Clause 5 – Law and Jurisdiction It should be observed, however, that some jurisdictions by law do not recognise limitations the claimant’s right to instigate court proceedings at other places than where the Carrier has his principal place of business.
Clause 6 – Methods and Routes of Transportation Sub-clause 6(1) in the new edition of the COMBICONBILL mainly constitutes what would apply in accordance with the general background law. However, as it was found desirable to make the provisions off this liberty clause as wide as possible and in line with the wording of the “received for shipment” Box the words “and all services related thereto” have been added immediately after “transport” in line 1. Sub-clause 6(2) is a clarification of events special to the carriage of goods by sea.
Clause 7 – Optional Stowage Sub-clause (1) provides the Carrier with a right to carry containers, trailers and transportable tanks on deck without clausing the combined transport document in which case the usual bill of lading liabilities apply.
Clause 8 – Hindrances, etc. Affecting Performances It will be seen that compared to the previous edition of the COMBICONBILL a provision has been included to the effect that where the Merchant has not taken delivery of the goods within a reasonable time after the Carrier has asked him to do so, the Carrier shall be entitled to put the goods in safe custody on behalf of the Merchant at the latter’s expense.
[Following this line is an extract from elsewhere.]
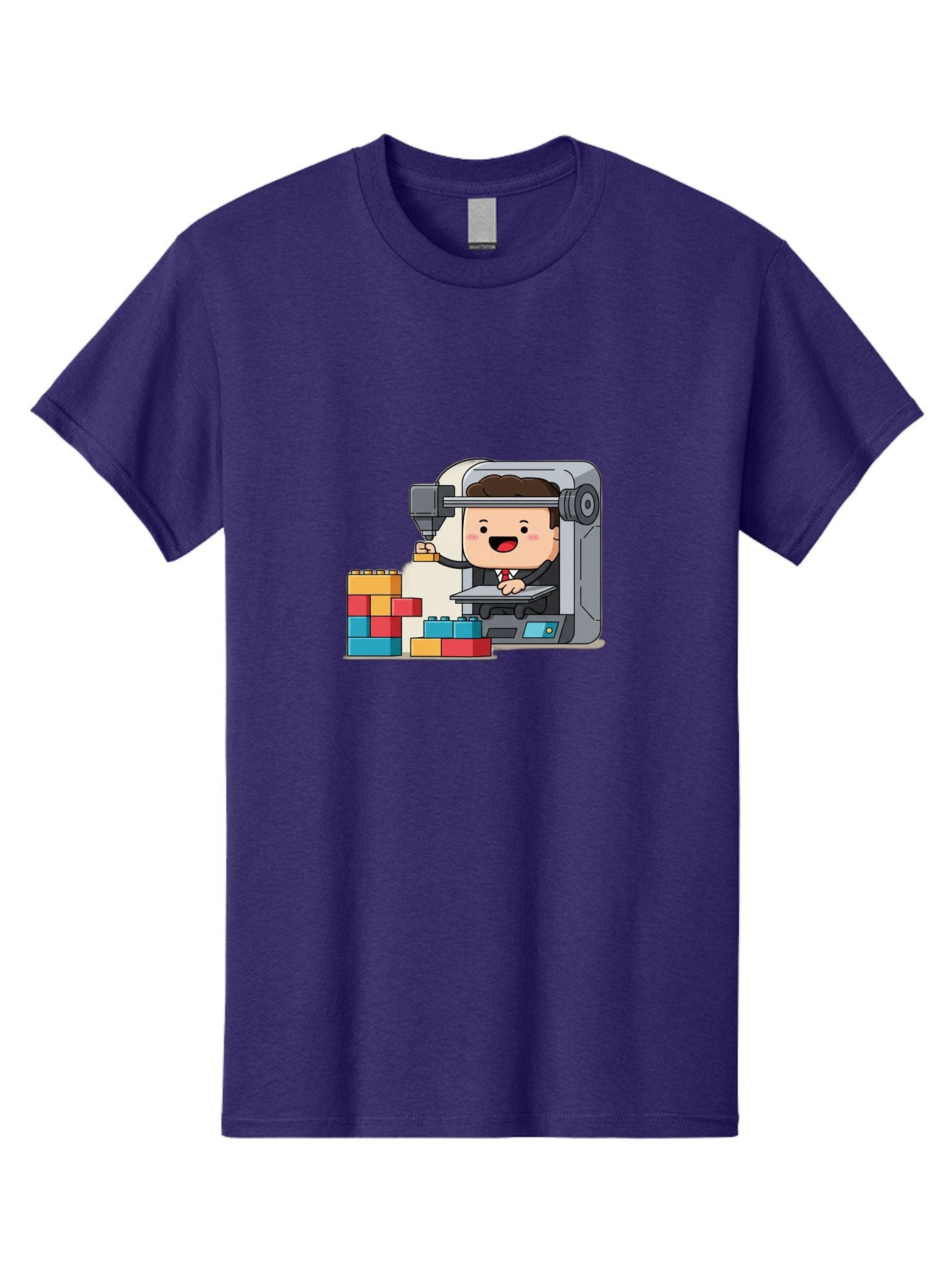 3D-Printing Men'S Graphic Tee, 100% Cotton, Comfortable Casual Summer Wear, Machine Washable, 3D Printing Technology, Additive Manufacturing, Businessman Operating Printer, Colorful Blocks, Construction, Innovation, Rapid Prototyping, Baa054 11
This is in line with the provisions of the MULTIDOC 95.
Clause 9 – Basic Liability Sub-clause 9(2) which, as mentioned earlier, previously formed part of Clause 6 (Sub-contracting), underlines the basic principle in combined transport operations, i.e. that the combined transport operator vis-a-vis the Merchant is responsible for the acts or omissions of any person, i.e. including independent sub-contractors whose services he makes use of in order to perform the contract.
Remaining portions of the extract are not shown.